Records provided:
————
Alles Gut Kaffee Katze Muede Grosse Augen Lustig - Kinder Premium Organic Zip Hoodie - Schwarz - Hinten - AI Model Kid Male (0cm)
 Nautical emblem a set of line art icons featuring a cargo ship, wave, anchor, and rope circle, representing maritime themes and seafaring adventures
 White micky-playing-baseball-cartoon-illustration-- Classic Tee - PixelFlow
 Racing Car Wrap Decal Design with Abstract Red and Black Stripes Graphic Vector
————
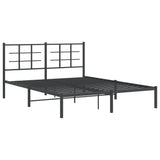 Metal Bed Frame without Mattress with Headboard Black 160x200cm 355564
————
What is being asked: An exact copy of the lines above, from the one containing "White micky-playing-baseball-cartoon-illustration-- Classic" through the one containing "Racing Car Wrap", is the whole of the answer.

Result for this task:
 White micky-playing-baseball-cartoon-illustration-- Classic Tee - PixelFlow
 Racing Car Wrap Decal Design with Abstract Red and Black Stripes Graphic Vector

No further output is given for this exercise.